This is a retrospective review of patients with PRDs seen over a five year period (March 2010 to February 2016) at the rheumatology clinic and children ward of LASUTH. We reviewed the folders of 57 patients from our records. The demographics, baseline laboratory features, clinical diagnosis, treatment patterns and patient outcomes were extracted and analyzed. Clinical and laboratory characteristics between patients with Juvenile idiopathic arthritis (JIA) and patients with juvenile connective tissue diseases (JCTD) were compared using Fisher’s exact test.

Results

Fifty seven patients were studied with a female to male ratio of 3 to 1 (Female: 43; M: 14). The mean age at presentation in years was 14 ± 4.4 years (range: 1.5–22 years).
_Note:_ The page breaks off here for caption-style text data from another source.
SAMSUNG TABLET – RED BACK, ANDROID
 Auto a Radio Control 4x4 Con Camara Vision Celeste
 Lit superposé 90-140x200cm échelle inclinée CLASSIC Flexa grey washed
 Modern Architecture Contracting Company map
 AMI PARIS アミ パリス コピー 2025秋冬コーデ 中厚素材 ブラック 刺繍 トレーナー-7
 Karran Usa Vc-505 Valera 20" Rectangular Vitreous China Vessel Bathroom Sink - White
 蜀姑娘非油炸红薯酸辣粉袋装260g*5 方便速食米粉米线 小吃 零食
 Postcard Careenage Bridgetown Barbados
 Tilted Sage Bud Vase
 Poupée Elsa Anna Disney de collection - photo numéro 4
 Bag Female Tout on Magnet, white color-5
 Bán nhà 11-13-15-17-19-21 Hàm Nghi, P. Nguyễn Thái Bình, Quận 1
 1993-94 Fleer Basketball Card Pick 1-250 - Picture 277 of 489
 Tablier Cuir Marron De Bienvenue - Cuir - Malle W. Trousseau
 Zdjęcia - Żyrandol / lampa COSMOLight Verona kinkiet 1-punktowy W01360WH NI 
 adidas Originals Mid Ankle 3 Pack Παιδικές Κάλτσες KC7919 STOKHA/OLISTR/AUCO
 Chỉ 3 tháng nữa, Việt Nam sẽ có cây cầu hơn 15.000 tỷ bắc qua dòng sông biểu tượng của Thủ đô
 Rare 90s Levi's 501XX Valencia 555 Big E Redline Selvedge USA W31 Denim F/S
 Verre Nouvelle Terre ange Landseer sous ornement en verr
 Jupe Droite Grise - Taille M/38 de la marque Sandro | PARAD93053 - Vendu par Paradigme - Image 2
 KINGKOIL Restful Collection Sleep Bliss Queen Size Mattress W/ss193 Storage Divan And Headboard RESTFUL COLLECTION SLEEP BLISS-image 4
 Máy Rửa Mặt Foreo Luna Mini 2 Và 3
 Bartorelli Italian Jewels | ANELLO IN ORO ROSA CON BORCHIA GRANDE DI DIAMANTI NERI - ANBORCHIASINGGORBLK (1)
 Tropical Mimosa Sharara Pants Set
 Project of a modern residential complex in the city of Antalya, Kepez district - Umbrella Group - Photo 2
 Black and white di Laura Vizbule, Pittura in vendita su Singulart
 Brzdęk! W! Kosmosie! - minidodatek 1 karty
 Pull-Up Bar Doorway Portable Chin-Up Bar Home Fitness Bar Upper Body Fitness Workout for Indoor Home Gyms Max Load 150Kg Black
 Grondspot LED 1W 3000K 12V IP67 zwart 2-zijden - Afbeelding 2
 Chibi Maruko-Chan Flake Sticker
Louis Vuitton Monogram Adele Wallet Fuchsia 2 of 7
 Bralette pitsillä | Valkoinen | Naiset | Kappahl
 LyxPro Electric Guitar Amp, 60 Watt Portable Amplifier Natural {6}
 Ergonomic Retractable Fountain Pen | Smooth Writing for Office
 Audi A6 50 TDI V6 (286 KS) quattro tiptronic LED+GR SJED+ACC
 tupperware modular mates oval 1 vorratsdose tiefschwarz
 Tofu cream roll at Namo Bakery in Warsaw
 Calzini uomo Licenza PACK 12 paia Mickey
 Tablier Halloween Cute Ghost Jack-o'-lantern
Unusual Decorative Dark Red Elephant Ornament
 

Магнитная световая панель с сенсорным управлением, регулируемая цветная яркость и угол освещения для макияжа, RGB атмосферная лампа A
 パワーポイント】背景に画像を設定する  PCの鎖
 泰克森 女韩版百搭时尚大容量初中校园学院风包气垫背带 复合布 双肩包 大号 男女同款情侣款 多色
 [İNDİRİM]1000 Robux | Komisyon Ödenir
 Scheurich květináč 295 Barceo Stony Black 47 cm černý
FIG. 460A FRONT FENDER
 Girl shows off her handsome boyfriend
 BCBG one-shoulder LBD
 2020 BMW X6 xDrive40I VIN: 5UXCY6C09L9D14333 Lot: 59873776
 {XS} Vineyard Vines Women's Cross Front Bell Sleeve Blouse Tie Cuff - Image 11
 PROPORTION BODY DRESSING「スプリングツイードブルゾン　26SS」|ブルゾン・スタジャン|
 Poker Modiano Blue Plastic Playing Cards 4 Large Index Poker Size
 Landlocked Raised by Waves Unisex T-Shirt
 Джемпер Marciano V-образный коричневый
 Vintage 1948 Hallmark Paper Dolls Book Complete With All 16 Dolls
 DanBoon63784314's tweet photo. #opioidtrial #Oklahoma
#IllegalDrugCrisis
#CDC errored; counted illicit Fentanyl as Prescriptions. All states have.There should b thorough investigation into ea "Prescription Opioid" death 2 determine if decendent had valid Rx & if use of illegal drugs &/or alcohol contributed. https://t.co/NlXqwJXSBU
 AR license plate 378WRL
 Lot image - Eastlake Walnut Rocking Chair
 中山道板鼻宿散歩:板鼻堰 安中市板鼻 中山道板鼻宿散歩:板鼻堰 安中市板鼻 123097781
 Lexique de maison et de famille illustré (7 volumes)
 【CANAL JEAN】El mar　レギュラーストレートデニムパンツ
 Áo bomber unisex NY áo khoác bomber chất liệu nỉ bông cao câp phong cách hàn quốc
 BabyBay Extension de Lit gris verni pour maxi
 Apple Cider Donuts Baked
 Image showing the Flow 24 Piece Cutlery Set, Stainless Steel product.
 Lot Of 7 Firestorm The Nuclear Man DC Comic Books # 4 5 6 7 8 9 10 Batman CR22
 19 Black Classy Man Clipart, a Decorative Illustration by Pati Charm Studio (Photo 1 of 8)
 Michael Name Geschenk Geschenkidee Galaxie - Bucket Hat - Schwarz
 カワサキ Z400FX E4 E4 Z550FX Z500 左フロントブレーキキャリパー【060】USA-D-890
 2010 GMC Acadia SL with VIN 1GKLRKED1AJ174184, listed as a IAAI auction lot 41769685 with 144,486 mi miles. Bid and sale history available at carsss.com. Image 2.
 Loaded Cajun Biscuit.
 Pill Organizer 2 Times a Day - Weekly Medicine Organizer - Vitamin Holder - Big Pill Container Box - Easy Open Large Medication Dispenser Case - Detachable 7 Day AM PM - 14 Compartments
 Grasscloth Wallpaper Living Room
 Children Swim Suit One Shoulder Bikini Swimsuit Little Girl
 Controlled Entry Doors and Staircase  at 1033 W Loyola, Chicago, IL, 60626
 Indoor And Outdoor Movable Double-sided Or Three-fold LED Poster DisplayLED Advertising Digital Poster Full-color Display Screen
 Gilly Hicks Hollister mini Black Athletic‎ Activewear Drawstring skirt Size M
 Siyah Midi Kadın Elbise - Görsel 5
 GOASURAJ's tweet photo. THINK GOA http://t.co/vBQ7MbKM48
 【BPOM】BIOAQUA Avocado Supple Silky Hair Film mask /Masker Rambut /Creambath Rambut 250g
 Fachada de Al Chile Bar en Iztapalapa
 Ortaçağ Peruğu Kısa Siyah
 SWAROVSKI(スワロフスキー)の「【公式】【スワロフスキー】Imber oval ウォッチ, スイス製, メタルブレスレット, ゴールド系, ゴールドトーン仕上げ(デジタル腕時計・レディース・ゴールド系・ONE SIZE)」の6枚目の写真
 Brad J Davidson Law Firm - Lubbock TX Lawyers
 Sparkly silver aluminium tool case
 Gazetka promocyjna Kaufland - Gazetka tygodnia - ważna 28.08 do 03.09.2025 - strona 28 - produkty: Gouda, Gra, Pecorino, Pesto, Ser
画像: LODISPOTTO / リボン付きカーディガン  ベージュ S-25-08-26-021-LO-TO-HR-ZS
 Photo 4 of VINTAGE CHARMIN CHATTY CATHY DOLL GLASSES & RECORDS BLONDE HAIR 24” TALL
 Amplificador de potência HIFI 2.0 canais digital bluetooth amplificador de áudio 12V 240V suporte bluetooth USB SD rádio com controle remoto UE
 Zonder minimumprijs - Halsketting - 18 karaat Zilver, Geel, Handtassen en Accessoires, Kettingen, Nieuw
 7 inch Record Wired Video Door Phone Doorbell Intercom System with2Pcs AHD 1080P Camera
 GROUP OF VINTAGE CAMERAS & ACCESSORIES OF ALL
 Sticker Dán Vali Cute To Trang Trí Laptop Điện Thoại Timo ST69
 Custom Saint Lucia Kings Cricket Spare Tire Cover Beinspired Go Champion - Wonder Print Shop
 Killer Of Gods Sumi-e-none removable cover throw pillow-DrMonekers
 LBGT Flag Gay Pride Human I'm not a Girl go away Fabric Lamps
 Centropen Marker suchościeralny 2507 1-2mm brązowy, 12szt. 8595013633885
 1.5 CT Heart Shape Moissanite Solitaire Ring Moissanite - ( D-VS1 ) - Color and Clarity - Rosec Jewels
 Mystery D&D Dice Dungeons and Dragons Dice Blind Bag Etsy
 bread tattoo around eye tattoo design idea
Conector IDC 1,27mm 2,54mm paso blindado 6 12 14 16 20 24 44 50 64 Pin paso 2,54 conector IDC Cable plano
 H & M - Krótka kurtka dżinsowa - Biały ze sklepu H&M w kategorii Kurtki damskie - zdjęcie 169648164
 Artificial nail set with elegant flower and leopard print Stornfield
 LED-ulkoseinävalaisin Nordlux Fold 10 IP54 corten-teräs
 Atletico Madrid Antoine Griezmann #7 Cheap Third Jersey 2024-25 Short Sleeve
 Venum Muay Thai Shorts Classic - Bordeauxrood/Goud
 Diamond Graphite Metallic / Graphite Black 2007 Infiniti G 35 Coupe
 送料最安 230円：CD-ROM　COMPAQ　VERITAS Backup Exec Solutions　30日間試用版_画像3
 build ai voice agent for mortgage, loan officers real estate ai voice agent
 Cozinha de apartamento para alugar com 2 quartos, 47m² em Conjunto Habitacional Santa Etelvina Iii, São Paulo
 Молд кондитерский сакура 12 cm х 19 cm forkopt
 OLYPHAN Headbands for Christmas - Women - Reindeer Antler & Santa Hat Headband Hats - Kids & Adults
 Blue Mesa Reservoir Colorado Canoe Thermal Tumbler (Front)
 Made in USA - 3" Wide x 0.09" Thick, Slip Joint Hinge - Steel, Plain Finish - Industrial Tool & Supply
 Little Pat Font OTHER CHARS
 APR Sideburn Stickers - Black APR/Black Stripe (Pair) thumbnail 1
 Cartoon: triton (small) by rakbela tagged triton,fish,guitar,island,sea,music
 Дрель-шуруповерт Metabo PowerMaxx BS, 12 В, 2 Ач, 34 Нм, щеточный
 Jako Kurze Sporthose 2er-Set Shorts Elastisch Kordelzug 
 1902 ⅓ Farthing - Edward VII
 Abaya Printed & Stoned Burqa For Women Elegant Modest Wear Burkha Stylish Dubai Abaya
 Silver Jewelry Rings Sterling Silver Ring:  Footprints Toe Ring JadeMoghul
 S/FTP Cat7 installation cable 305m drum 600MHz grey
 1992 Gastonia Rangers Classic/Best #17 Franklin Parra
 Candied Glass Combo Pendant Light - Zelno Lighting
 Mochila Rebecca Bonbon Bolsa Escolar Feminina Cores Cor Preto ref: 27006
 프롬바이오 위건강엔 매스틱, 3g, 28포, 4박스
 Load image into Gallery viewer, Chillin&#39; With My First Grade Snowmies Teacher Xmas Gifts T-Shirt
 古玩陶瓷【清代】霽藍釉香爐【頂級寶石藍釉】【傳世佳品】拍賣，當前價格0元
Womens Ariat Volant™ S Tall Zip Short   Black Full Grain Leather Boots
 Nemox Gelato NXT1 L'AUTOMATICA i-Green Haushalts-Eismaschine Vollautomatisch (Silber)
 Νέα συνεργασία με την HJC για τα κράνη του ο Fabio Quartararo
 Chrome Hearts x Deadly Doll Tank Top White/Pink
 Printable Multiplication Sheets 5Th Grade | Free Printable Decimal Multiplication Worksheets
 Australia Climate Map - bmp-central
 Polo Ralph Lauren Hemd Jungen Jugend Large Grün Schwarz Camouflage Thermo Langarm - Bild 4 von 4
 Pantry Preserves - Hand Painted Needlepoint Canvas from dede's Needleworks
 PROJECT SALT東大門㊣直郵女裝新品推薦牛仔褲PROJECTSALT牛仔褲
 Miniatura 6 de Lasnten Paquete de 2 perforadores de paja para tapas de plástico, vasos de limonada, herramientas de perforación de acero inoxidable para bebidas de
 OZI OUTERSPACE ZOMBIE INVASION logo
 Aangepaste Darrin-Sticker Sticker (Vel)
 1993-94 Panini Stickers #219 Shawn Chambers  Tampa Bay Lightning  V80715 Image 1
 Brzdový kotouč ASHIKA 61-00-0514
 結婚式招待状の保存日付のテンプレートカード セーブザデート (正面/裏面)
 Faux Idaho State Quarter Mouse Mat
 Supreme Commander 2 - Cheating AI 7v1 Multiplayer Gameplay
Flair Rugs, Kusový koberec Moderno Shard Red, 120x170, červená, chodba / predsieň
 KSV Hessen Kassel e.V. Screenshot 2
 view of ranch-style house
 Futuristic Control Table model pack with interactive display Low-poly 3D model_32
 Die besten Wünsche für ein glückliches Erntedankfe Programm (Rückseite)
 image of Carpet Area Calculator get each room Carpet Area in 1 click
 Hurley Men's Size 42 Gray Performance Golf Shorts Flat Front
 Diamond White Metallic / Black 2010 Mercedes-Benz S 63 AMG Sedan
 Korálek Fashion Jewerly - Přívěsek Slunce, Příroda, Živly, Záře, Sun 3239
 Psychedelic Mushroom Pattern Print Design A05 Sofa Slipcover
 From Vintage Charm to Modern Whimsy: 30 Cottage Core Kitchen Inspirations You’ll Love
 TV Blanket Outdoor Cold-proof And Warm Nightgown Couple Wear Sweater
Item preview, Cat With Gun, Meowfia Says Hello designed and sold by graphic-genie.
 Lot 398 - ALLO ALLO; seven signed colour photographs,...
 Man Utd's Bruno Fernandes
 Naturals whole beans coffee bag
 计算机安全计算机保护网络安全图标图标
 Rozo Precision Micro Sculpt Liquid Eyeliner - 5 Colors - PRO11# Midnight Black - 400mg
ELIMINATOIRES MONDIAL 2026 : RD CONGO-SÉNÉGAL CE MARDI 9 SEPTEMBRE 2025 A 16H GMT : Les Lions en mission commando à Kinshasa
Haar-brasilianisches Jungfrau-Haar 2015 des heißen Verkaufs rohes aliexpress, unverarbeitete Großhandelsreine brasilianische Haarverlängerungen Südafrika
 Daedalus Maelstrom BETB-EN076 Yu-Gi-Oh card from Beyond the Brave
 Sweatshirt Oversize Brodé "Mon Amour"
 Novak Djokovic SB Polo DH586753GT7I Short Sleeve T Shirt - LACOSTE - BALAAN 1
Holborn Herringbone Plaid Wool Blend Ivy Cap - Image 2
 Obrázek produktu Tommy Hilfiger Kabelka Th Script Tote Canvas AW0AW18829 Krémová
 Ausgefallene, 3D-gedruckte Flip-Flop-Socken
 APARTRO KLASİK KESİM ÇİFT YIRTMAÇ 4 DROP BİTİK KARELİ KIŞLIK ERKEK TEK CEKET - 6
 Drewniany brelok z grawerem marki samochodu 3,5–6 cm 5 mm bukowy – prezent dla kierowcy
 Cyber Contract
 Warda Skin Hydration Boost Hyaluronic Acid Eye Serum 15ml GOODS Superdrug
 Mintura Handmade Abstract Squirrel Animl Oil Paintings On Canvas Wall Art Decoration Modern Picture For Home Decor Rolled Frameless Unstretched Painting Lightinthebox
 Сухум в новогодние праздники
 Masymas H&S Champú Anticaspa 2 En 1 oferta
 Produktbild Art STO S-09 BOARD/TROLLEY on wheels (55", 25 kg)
The mean duration of symptoms before diagnosis was 18.4 ± .9 months (range: 2–60 months). The diagnostic types of PRDs included 28(49.1%) cases of JIA. These were made up of 14 cases of polyarticular JIA, nine cases of oligoarticular JIA and 5 cases of systemic onset JIA. Others were 18 (24.6%) cases of juvenile systemic lupus erythematosus (JSLE), 3 (5.3%) cases of joint hypermobility syndrome, 2 (3.5%) cases of juvenile systemic sclerosis, 2 (3.5%) cases of fibromyalgia, 2 (3.5%) cases of plantar fasciitis, 1 (1.6%) case of juvenile dermatomyositis (JDM), 1 (1.6%) case of juvenile polymyositis-systemic lupus erythematosus (PM-SLE) overlap, 1 (1.6%) case of secondary bilateral knee osteoarthritis from Blount disease, 1 (1.6%) case of secondary osteoporosis from childhood leukemia and 1 (1.6%) case of Osgood-Schlatter’s disease. Constitutional symptoms and extra-articular diseases were significantly more frequent among JCTD cases than among the JIA cases (Constitutional symptoms: 100% vs 83.3%, p = 0.003; extra-articular disease: 100% vs 10.7%, p = 0.001). The percentage mortality in this study was 10.5% while 20 (35.1%) of the patients were lost to clinic follow up.

Conclusion

The pattern of PRDs observed in this study is similar to that described in South African and North American series but it differs from patterns reported in Asian series. Although hitherto largely unrecognized, PRDs may constitute a substantial cause of morbidity and mortality in black Africans.

Keywords

Paediatric rheumatic disease Nigeria Juvenile idiopathic arthritis Juvenile systemic lupus erythematosus

Background

The burdens and impacts of malnutrition, poverty-related and infectious diseases are well known in Sub-Sahara Africa. There is however, little or no attention to non-communicable diseases including paediatric rheumatic diseases (PRDs). The shortage of paediatric rheumatologists and other rheumatology health professionals as well as a general lack of awareness of this subject often contribute to missing these diagnoses and a consequent perception of rarity of PRDs in Africa [1]. In developing countries, prevalence estimates of PRDs are usually difficult to determine. This is especially so in Africa where access to pediatric rheumatology service is rare [2]. In Singapore, the prevalence of true PRDs among all cases referred to childhood rheumatology clinic is 57.8%, while in four Canada provinces, the prevalence estimates over 9 to 14 year period for systemic autoimmune rheumatic diseases (SARD) is 2 SARD cases per 10,000 residents aged 18 or less [3, 4]. However, this estimate did not include frequency of individual SARD. The frequencies and spectrums of PRDs vary in different studies from the western hemisphere and Asia. Whilst some studies from North America and Europe have reported JIA as the most frequent PRD, a study from Asia found systemic vasculitis as the most common [3, 58]. In Africa, there are few reports on PRD conditions such as JIA, juvenile systemic lupus erythematosus (JSLE), and juvenile dermatomyositis (JDM) [911]. However, there is a dearth of reports on the frequencies and spectrums of PRDs in various Sub-Saharan African settings [1]. A hospital-based report of the spectrum of PRDs in two tertiary institutions in South Africa has documented a relative frequency of 33.3% for JIA and 10.2% for juvenile connective tissue diseases (JCTD) [12]. Also, inflammatory arthritides were the most frequent musculoskeletal conditions among Kenyan children in outpatient clinics and wards [13, 14]. Patients with JCTD were, however, not included in the Kenyan studies. In a new rheumatology clinic in Zambia, Chipeta et al. registered 230 pediatric rheumatic cases over 2 years but the pattern of the PRDs was not stated in their report [15].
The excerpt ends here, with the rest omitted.